The Flight of Sleipnir – Essence Of Nine

Gran bella cosa Essence Of Nine, il terzo disco degli americani The Flight of Sleipnir si candidava immediatamente come una delle uscite più interessanti del suo anno d’appartenenza (2011). Ascoltarlo, […]

Gran bella cosa Essence Of Nine, il terzo disco degli americani The Flight of Sleipnir si candidava immediatamente come una delle uscite più interessanti del suo anno d’appartenenza (2011).

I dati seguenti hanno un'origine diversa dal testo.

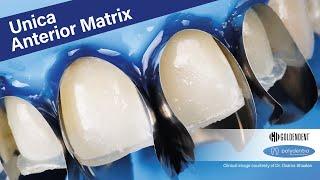 Polydentia Unica Anterior Matrix System GoldenDent - How Does Unica Anterior System Work?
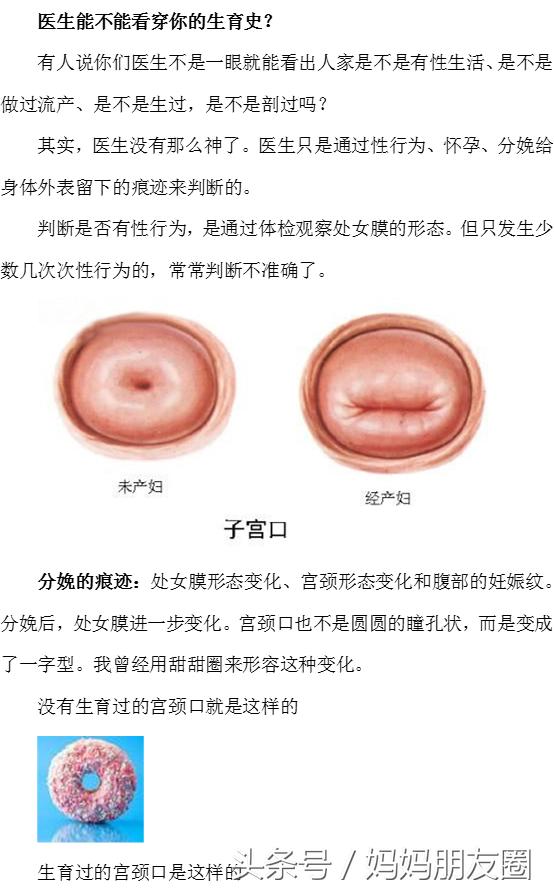 曾经流产、生育过，医生能不能一眼看穿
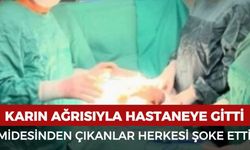 Karın ağrısıyla hastaneye gitti: Midesinden çıkanlar şoke etti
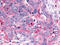 Growth Hormone Releasing Hormone Receptor antibody, TA340756, Origene, Immunohistochemistry paraffin image 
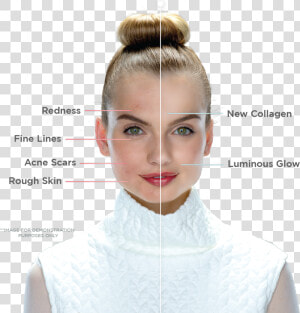 Portrait Photo With Left Side Of Face Before Treatment    Laser Facial Treatment  HD Png Download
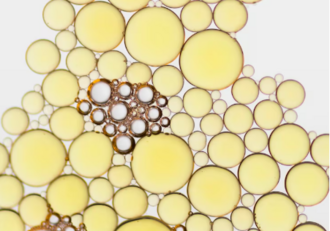 Холестерин ЛПНП низкой плотности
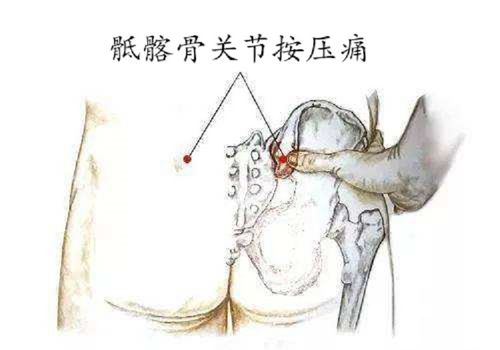 什么是骶髂骨关节炎,有哪些症状,如何治疗?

Ascoltarlo, sviscerarlo lentamente sarà un’autentica e libidinosa goduria, tanto che la sua breve durata scorrerà ancor più velocemente grazie ad ingenti dosi di “cuore e passione”, accuratamente profusi dentro il songwriting partorito dal duo David Csicsely/Clayton Cushman. La musica che ci troveremo addosso piazza le sue radici in diversi campi d’azione, si spazierà così dal classic doom allo stoner/sludge più efferato, passando attraverso passionali passaggi progressive ed estremità vocali poste in abbondanza. In più di una occasione mi hanno ricordato gli Opeth più progressivi, ma i The Flight of Sleipnir non sono di certo una loro sbiadita copia, i nostri tentano difatti interessanti soluzioni “epico/alternative”, semplici quanto volete ma in grado di centrare l’obiettivo a tutta.

Transcendence apre le danze splendidamente, chitarre seducenti e voce abrasiva attaccano l’ascoltatore su intarsi di classe prima di lasciare la chiusura ad un emozionantissimo cantato pulito (puro feeling). Si concentrano eleganza e tenebrosa armonia su Upon This Path We Tread (con liriche riprese dall’edda), a dominare in questa occasione troveremo una sognante voce pulita, per le mani ci ritroveremo un brano epico e dal magistrale sentimento. A Thousand Stones si riallaccia magicamente al brano precedente e va a rappresentare la sua ideale conclusione (quanta intensità in coda). Le chitarre acustiche verranno usate lungo tutto l’album, ma si prenderanno lo scettro del comando nelle due strumentali As the Ashes Rise (The Embrace of Dusk) e As Cinders Burn (The Wake of Dawn), per chi scrive la prima è un piccolo gioiello emozionale da non dover trascurare (sentire per credere). Nine Worlds è il completo sfoggio artistico di tutto quello che la formazione è in grado di dare, sette minuti che hanno l’intento primario di toccare le giuste corde cerebrali omettendo -per quanto possibile- ogni sentore di banalità dall’aria, saranno proprio composizioni come questa a sancire l’avvenuta maturità della formazione statunitense. The Seer in White incanta placidamente mentre la finale The Serpent Ring pensa a distribuire la maggior dose di epicità dell’intero lotto, chiudendo questo grande lavoro nel migliore dei modi.

Essence Of Nine è un caleidoscopio emotivo difficile da frenare, essere continuamente inghiottiti nel suo incedere agrodolce rappresenterà il premio ideale per il tempo riservatogli. Encomiabile ancora una volta l’operato della Eyes Like Snow, etichetta nel suo piccolo sempre pronta a produrre materiale d’alto o indiscusso livello.